Source data
·····

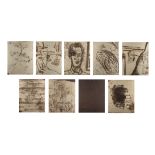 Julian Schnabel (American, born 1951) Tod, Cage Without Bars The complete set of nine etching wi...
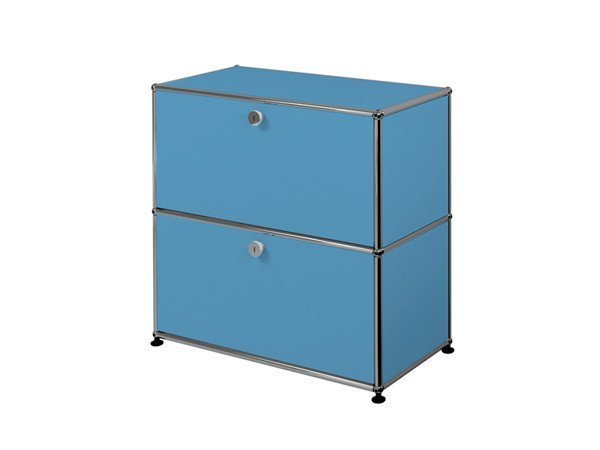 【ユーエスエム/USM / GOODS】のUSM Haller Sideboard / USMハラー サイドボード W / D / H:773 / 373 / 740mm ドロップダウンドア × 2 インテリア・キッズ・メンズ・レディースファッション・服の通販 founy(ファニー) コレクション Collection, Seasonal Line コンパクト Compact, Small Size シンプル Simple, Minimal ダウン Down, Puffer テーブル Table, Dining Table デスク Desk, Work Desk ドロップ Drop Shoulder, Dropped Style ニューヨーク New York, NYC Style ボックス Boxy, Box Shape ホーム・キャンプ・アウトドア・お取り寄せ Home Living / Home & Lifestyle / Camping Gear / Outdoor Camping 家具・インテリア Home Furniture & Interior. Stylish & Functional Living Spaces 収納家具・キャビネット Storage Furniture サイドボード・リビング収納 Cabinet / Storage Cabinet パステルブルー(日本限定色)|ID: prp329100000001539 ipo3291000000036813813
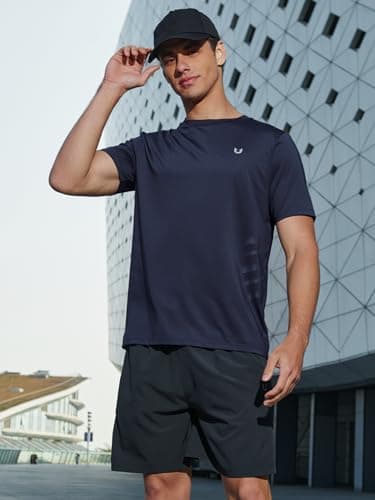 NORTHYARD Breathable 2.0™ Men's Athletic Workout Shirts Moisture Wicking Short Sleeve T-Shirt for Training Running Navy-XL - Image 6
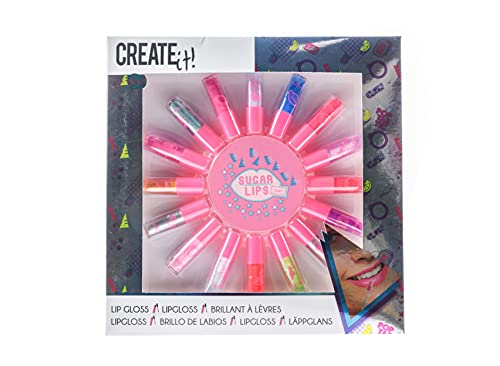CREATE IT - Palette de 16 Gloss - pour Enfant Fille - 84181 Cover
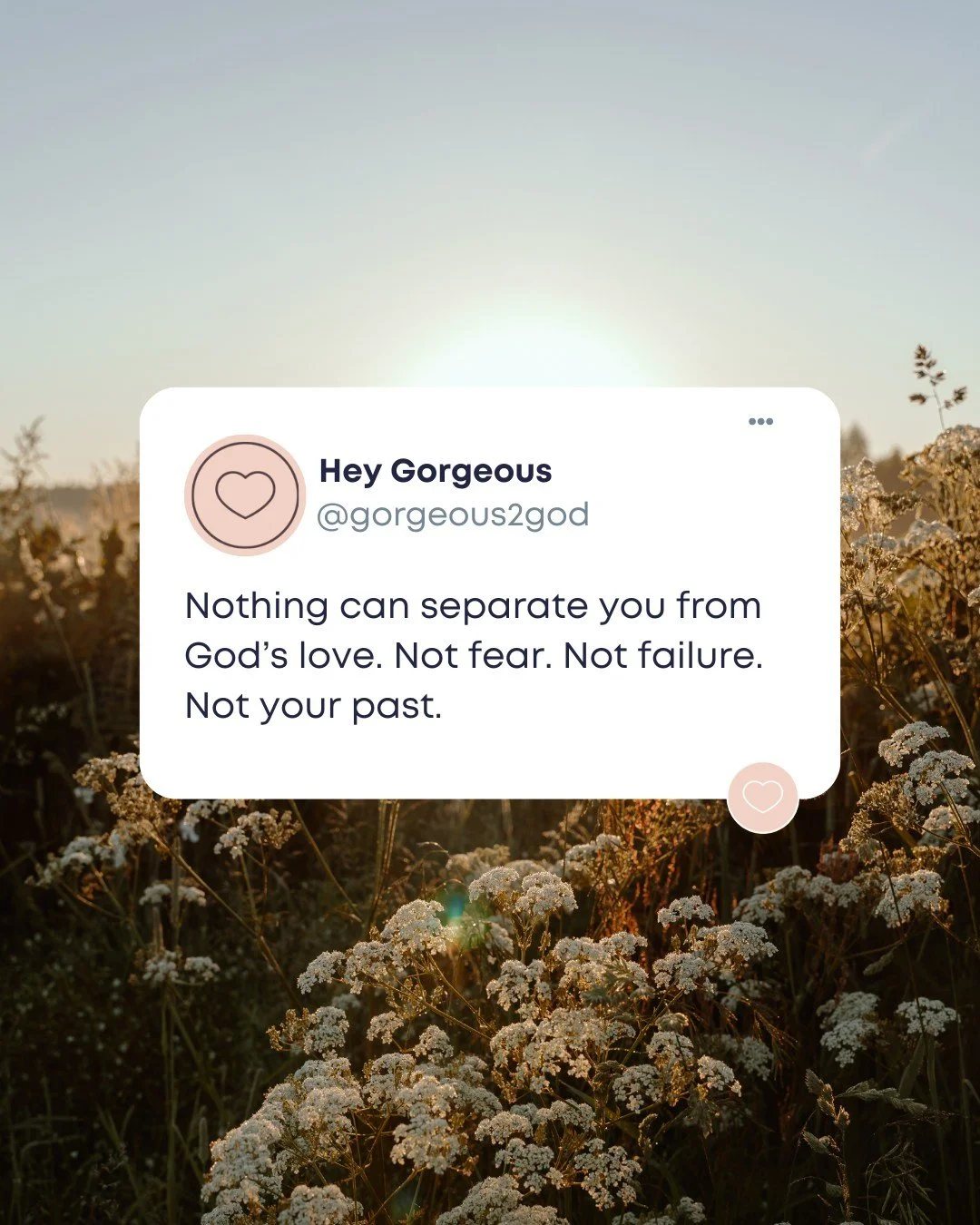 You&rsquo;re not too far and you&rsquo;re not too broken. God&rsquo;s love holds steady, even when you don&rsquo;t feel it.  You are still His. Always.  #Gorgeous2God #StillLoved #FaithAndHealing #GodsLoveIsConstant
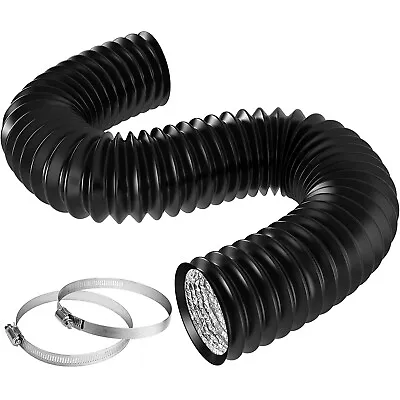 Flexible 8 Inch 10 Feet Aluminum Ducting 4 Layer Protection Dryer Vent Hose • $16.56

·····

Requirement: Set every record down verbatim. No pictures belong in the copy.

Solution for this task:
 Julian Schnabel (American, born 1951) Tod, Cage Without Bars The complete set of nine etching wi...
 【ユーエスエム/USM / GOODS】のUSM Haller Sideboard / USMハラー サイドボード W / D / H:773 / 373 / 740mm ドロップダウンドア × 2 インテリア・キッズ・メンズ・レディースファッション・服の通販 founy(ファニー) コレクション Collection, Seasonal Line コンパクト Compact, Small Size シンプル Simple, Minimal ダウン Down, Puffer テーブル Table, Dining Table デスク Desk, Work Desk ドロップ Drop Shoulder, Dropped Style ニューヨーク New York, NYC Style ボックス Boxy, Box Shape ホーム・キャンプ・アウトドア・お取り寄せ Home Living / Home & Lifestyle / Camping Gear / Outdoor Camping 家具・インテリア Home Furniture & Interior. Stylish & Functional Living Spaces 収納家具・キャビネット Storage Furniture サイドボード・リビング収納 Cabinet / Storage Cabinet パステルブルー(日本限定色)|ID: prp329100000001539 ipo3291000000036813813
 NORTHYARD Breathable 2.0™ Men's Athletic Workout Shirts Moisture Wicking Short Sleeve T-Shirt for Training Running Navy-XL - Image 6
CREATE IT - Palette de 16 Gloss - pour Enfant Fille - 84181 Cover
 You&rsquo;re not too far and you&rsquo;re not too broken. God&rsquo;s love holds steady, even when you don&rsquo;t feel it.  You are still His. Always.  #Gorgeous2God #StillLoved #FaithAndHealing #GodsLoveIsConstant
 Flexible 8 Inch 10 Feet Aluminum Ducting 4 Layer Protection Dryer Vent Hose • $16.56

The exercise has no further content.